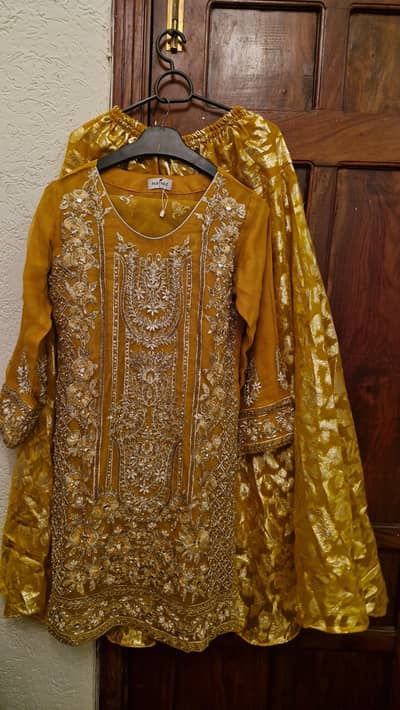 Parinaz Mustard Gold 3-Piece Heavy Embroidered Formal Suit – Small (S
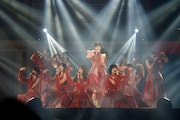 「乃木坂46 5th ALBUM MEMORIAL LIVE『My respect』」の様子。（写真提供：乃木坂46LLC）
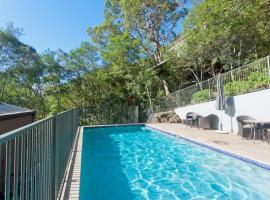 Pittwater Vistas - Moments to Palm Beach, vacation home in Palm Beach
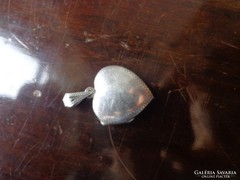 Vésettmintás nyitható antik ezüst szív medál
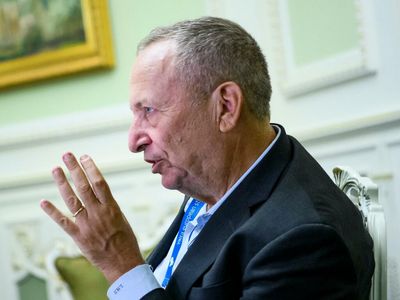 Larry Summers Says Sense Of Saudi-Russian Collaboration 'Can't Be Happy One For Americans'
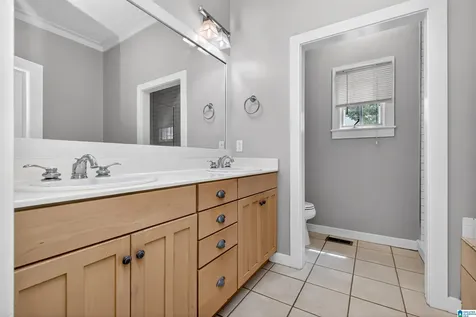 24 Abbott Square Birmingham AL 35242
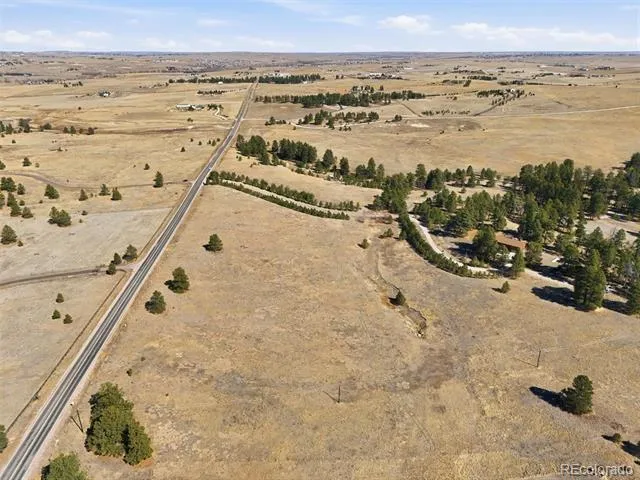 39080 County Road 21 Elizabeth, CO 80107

**Task details**. Print the whole listing again exactly, please. No pictures.

**Expected output**.
 Parinaz Mustard Gold 3-Piece Heavy Embroidered Formal Suit – Small (S
 「乃木坂46 5th ALBUM MEMORIAL LIVE『My respect』」の様子。（写真提供：乃木坂46LLC）
 Pittwater Vistas - Moments to Palm Beach, vacation home in Palm Beach
 Vésettmintás nyitható antik ezüst szív medál
 Larry Summers Says Sense Of Saudi-Russian Collaboration 'Can't Be Happy One For Americans'
 24 Abbott Square Birmingham AL 35242
 39080 County Road 21 Elizabeth, CO 80107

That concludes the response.